● MATERIAL PROVIDED
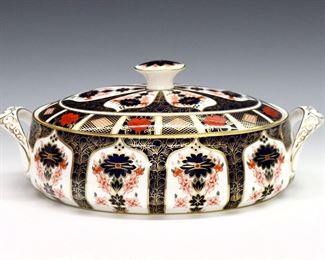 A 20th century Royal Crown Derby "Old Imari" pattern fine bone china covered vegetable dish.  Printed marks in Red with "1128" and "LII".  Good condition, very slight surface wear, printed marks scratched through.  12 1/2" long.  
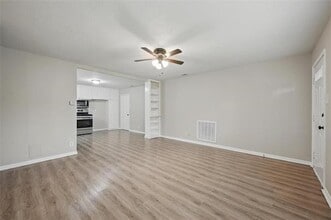 1201 Park Dr in Denison, TX - Foto de edificio - Building Photo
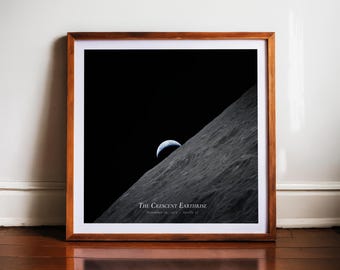 Apollo 17 Earthrise-tryck, NASA-rymdfotografi, halvmåne från jorden, minimalistisk vetenskapsaffisch, legendarisk rymdkapplöpningskonst, dekor från 1972
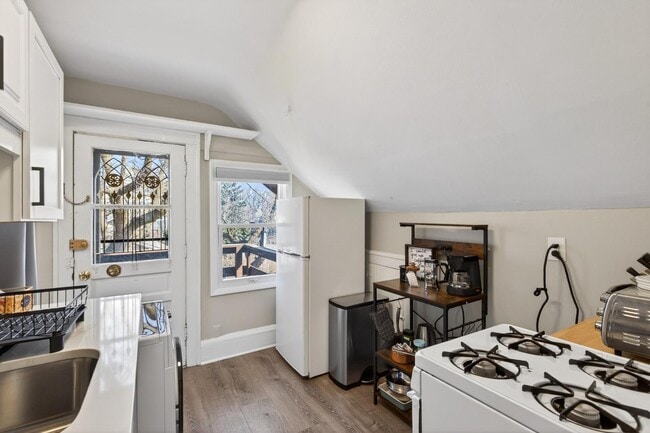 Building Photo - 3553 Dupont Ave S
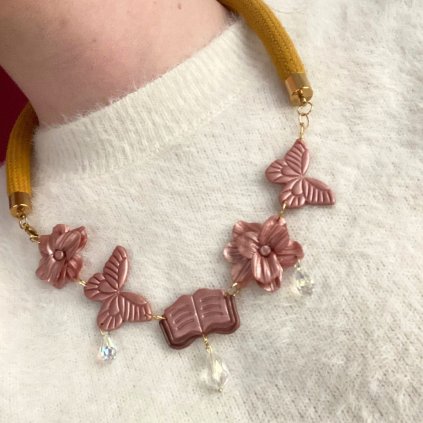 Fantasy náhrdelník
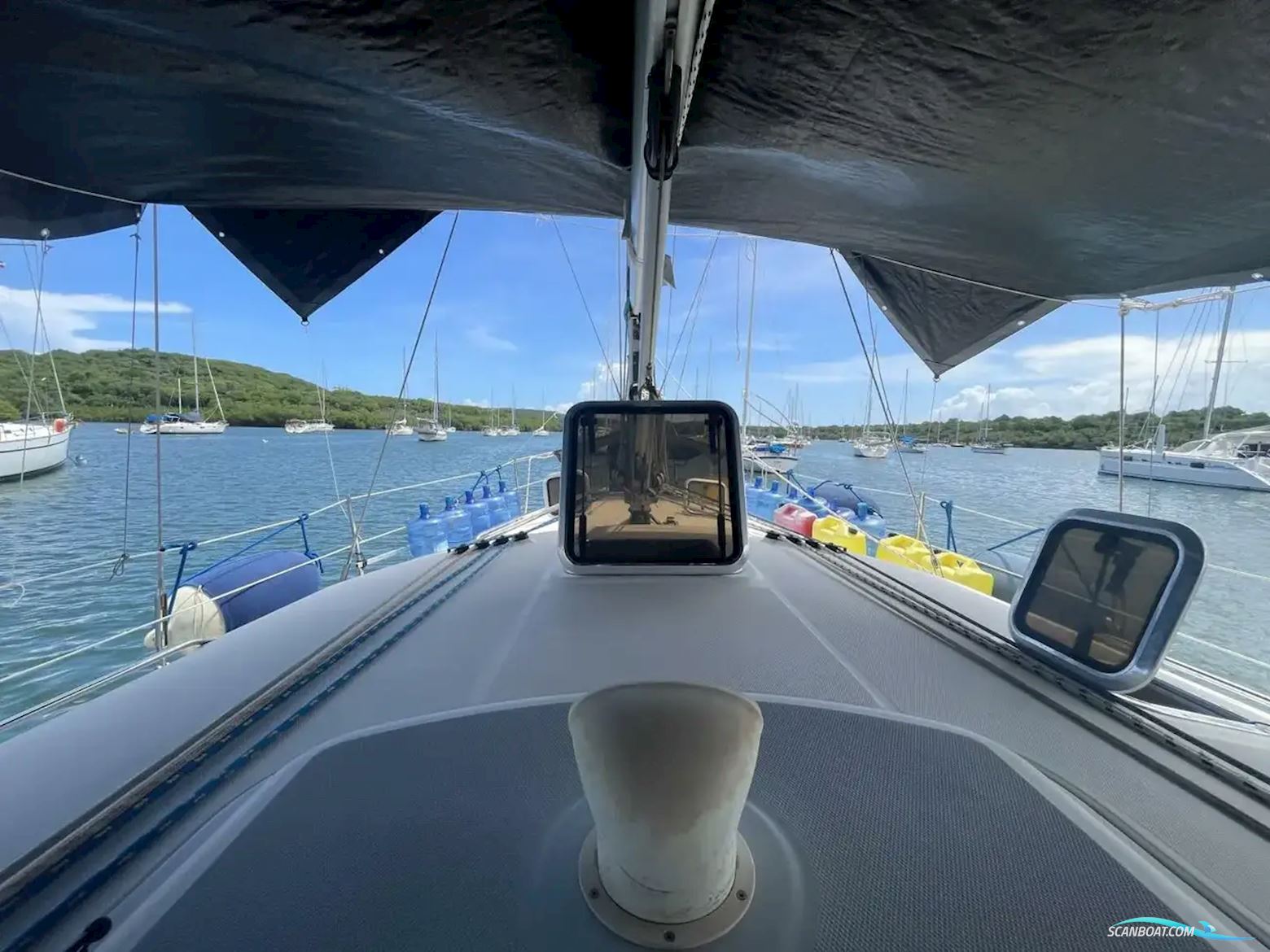 Hunter 44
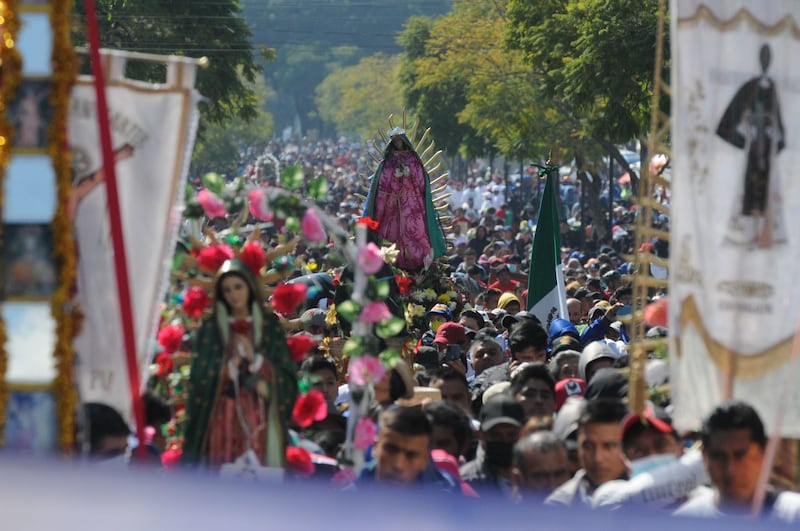 Miles de peregrinos acudieron a la Basílica de Guadalupe en el marco de la celebración de la Virgen del Tepeyac. Foto: Cuartoscuro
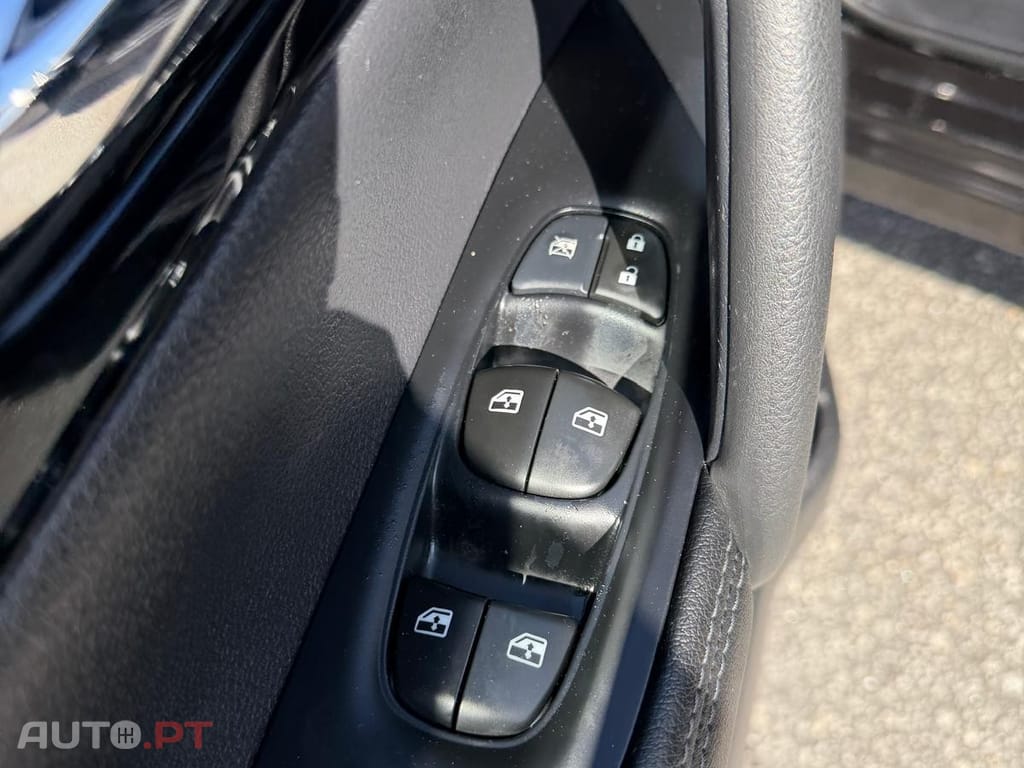 Nissan Qashqai 1.5 dCi N-Connecta J18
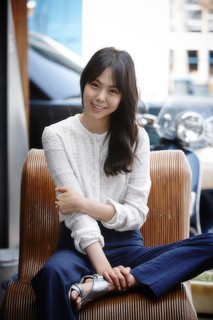 Kim Min-hee feet photo 8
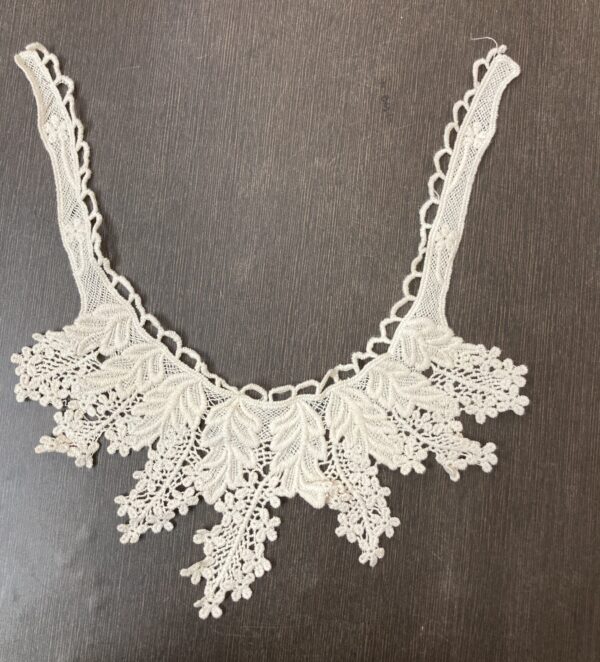 Fern Blossom Edge Neckline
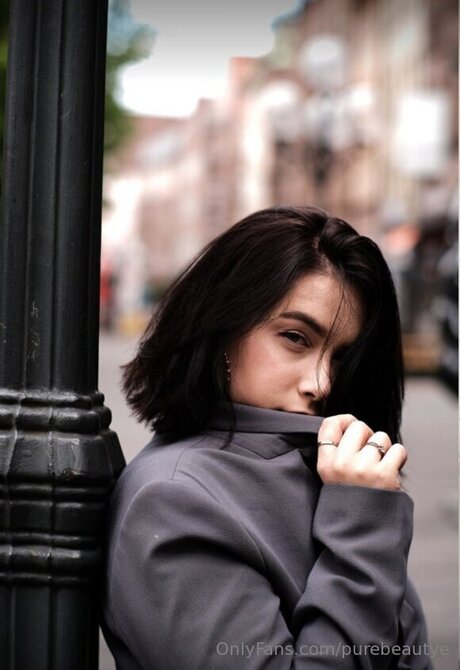 purebeautye art pornstar photo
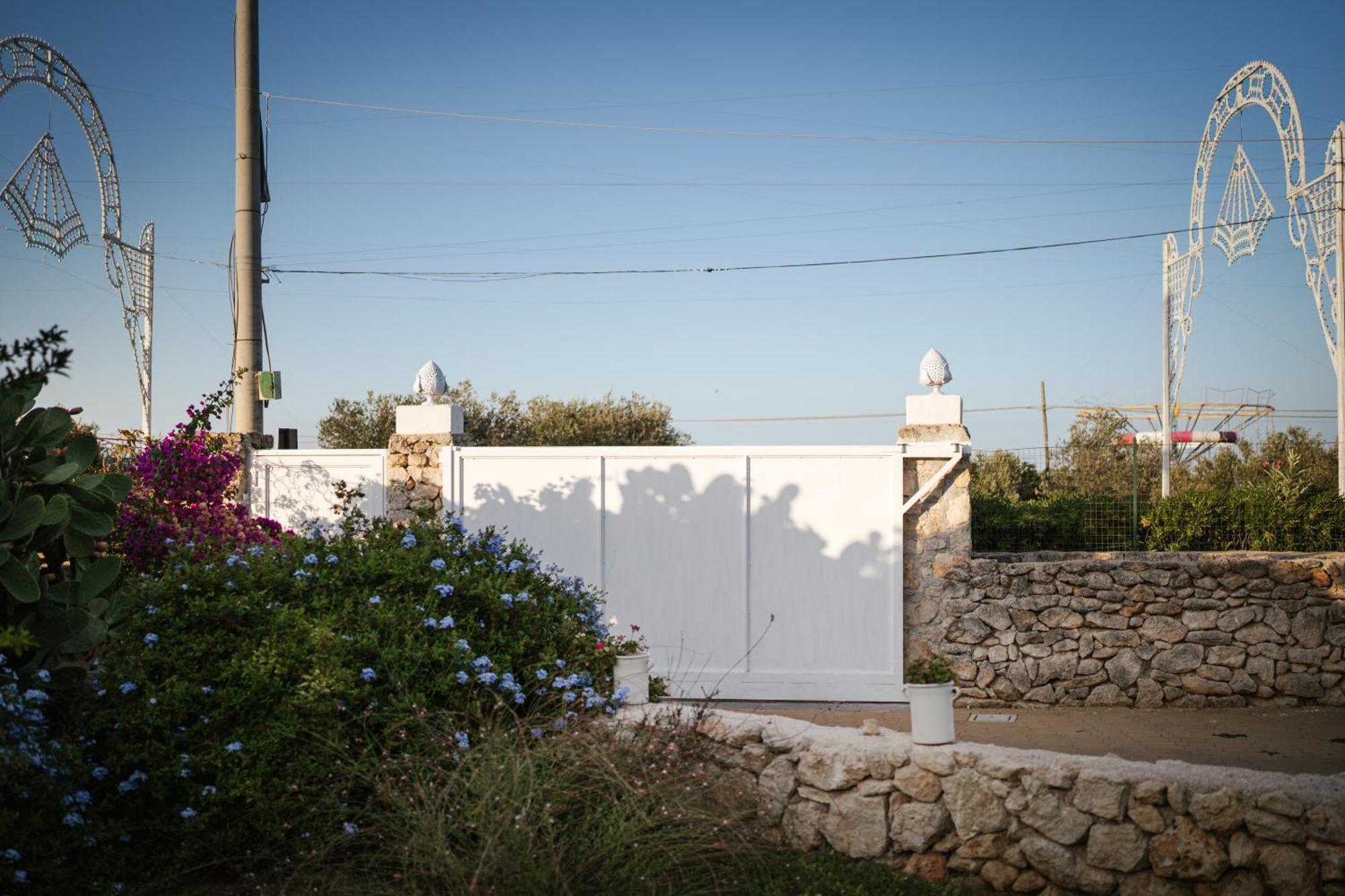 Prestigiosa Villa Con Piscina Condominiale Monopoli Extérieur photo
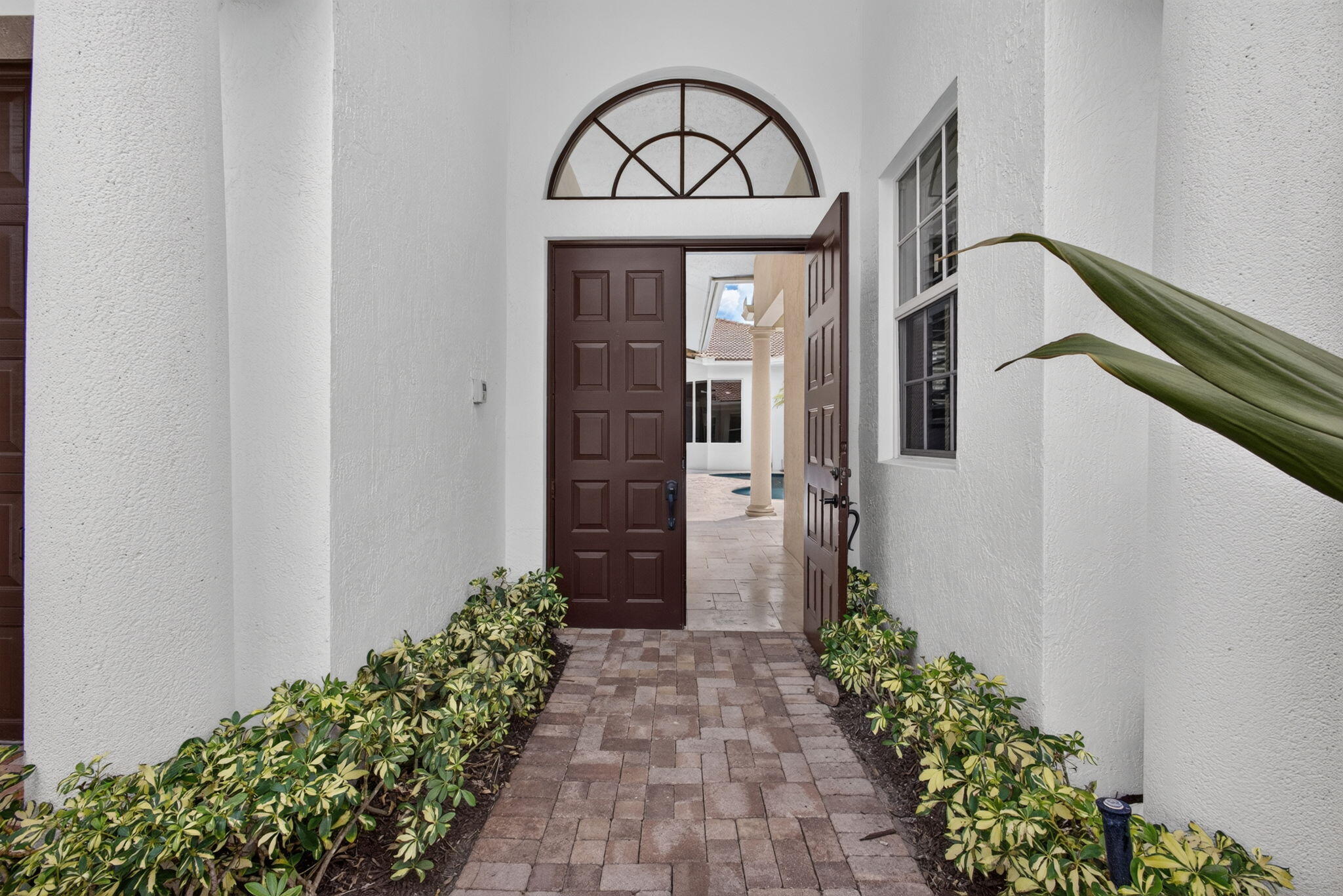 540 Les Jardin Drive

● PROBLEM STATEMENT
Please output the lines of the records above from the one with "Miles de peregrinos" through the last, exactly as they appear and with both ends included; skip any pictures and add nothing.

● EXERCISE OUTPUT
 Miles de peregrinos acudieron a la Basílica de Guadalupe en el marco de la celebración de la Virgen del Tepeyac. Foto: Cuartoscuro
 Nissan Qashqai 1.5 dCi N-Connecta J18
 Kim Min-hee feet photo 8
 Fern Blossom Edge Neckline
 purebeautye art pornstar photo
 Prestigiosa Villa Con Piscina Condominiale Monopoli Extérieur photo
 540 Les Jardin Drive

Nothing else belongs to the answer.